Here are the supplemental tables to accompany the paper in Excel and tab-delimited formats:
  • Table 2: Kinase sequence, classification and annotation. Gene names are in accordance with the human kinome nomenclature (http://kinase.com) where possible. Pseudogenes are named after their parental gene, followed by the suffix 'ps' (or 'ps1', 'ps2'... for multiples). Where a single parent is not obvious, they are named after their family classification. Names beginning with z are entries for the second domain of a dual-domain kinase. The suffix -rs ('related sequence') denotes a recent processed gene copy that is likely to be a pseudogene but has not yet developed stops or frameshifts in the ORF. mSK# is the KinBase kinase accession code. N/A denotes Not Applicable. Full length status is based on protein sequence comparison with the human ortholog. (Excel, Text)
  • Table 3: Coverage of kinase sequences in draft mouse genome. Separate columns note whether either end of the predicted cDNA sequence fails to align to the genome, by Blat or Blast, and whether there are internal gaps in the alignment (Excel, Text)
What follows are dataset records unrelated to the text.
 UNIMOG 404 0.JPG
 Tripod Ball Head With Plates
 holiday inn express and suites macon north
  • Table 4: Human-mouse kinase domain conservation, by family. Orthologous domain identities from Table 2 were combined by family classification. Mean, maximum and minimum percentage identities are reported. (Excel, Text)
  • Table 5: Species-specific indels in mouse-human kinase alignments. Mouse and human protein sequences were aligned, and all terminal and internal gaps noted. Gaps of >4 AA are reported separately, as being unlikely to be due to alignment errors. It is noted where mouse-specific insertions were later matched with human genomic sequence to extend the human kinase ORF. (Excel, Text)
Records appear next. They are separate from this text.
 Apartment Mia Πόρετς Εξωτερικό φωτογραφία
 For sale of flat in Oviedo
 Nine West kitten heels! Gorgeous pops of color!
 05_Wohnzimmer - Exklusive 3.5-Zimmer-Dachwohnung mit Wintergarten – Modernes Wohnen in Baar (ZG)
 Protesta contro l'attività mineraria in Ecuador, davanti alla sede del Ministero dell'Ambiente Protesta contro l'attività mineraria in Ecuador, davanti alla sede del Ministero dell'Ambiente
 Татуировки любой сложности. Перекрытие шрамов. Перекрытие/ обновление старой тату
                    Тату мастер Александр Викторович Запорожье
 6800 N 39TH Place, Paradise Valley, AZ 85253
  • Table 6: Predictions of catalytically inactive mouse kinase domains. Sequences of the VAIK, HRD and DFG motifs were derived from HMM alignment and manually edited multiple sequence alignment. The presence of the catalytic residue (K, D, D) in each case is noted. (Excel, Text)
  • Table 7: Mouse kinase pseudogenes. Details of the 97 confirmed mouse pseudogenes. Gene structure notes whether the sequence has introns, or non-intronic repeat sequences which disrupt the pseudogene. The Processed Status column refers to whether the gene is known to be retrotransposed with all introns excised ('Fully processed'), some introns excised, or derived from chromosomal duplication, with no exons excised. (Excel, Text)
  • Table 8: Mouse kinase mutations from MGI database. Data from the MGI (http://www.informatics.jax.org) mouse mutation data mapped to protein kinases. Each line represents a mutant allele, with Sugen and Jackson gene names and Jackson Gene IDs. Each allele is identified by symbol, name, and molecular definition. Phenoslim IDs and descriptions provide a controlled vocabulary of major phenotypes and Jnum IDs refer to publications involving the allele. (Excel, Text)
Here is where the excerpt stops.